A. The "controller" (ID-O-MATTIC-II) would remain connected to the repeater as is, providing everything works in plain ol' carrier squelch.
B. The "controller" has the inherent ability to, if programmed to NOT be courteous, superimpose (simultaneously) the CW ID or other valid CW message underneath the unsquelched receiver audio.
C. If the "controller" is programmed to be courteous, it waits the time allotted after the receiver becomes squelched.
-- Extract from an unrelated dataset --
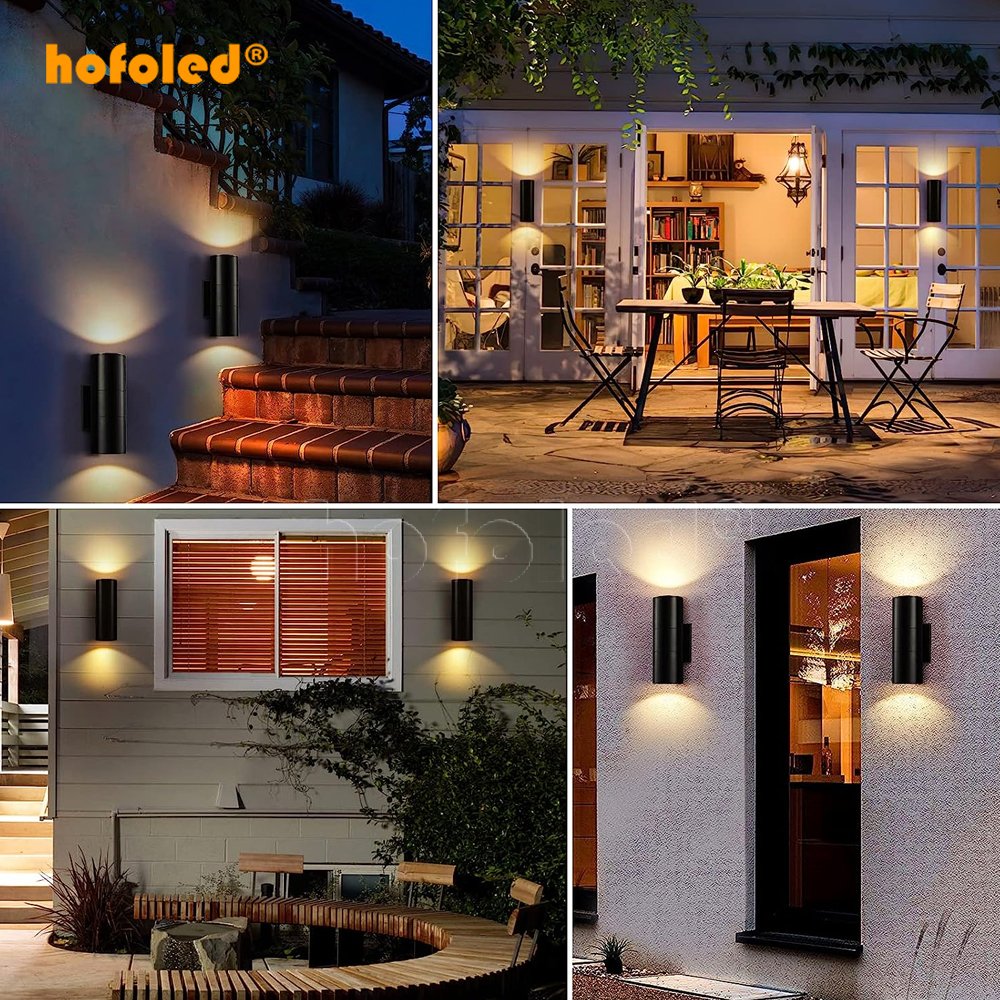 Modern High Quality Outdoor up and Down 10W Decorative Lighting Wall Lamps Waterproof Garden Black LED Wall Lights for Home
D. B and C hold true even when the receiver audio is intercepted by a properly connected (between the receiver and "controller" and programmed TD-5 tone decoder providing the audio to the "controller." When a TD-5 is used, no receiver audio is to be directly connected to the "controller" or repeater.
E. In effect the receiver "wakes up" the TD-5 to determine if the receiver audio has the correct/incorrect/no tone. If the receiver audio has the correct tone within parameters, the TD-5 then "wakes up" the "controller" to "wake up" the repeater to start repeating the audio with CW ID's at the timed intervals.
F. The TD-5 and the "controller" automatically go to "sleep," except the "controller's" hang time with or without the CW ID, when the receiver becomes squelched.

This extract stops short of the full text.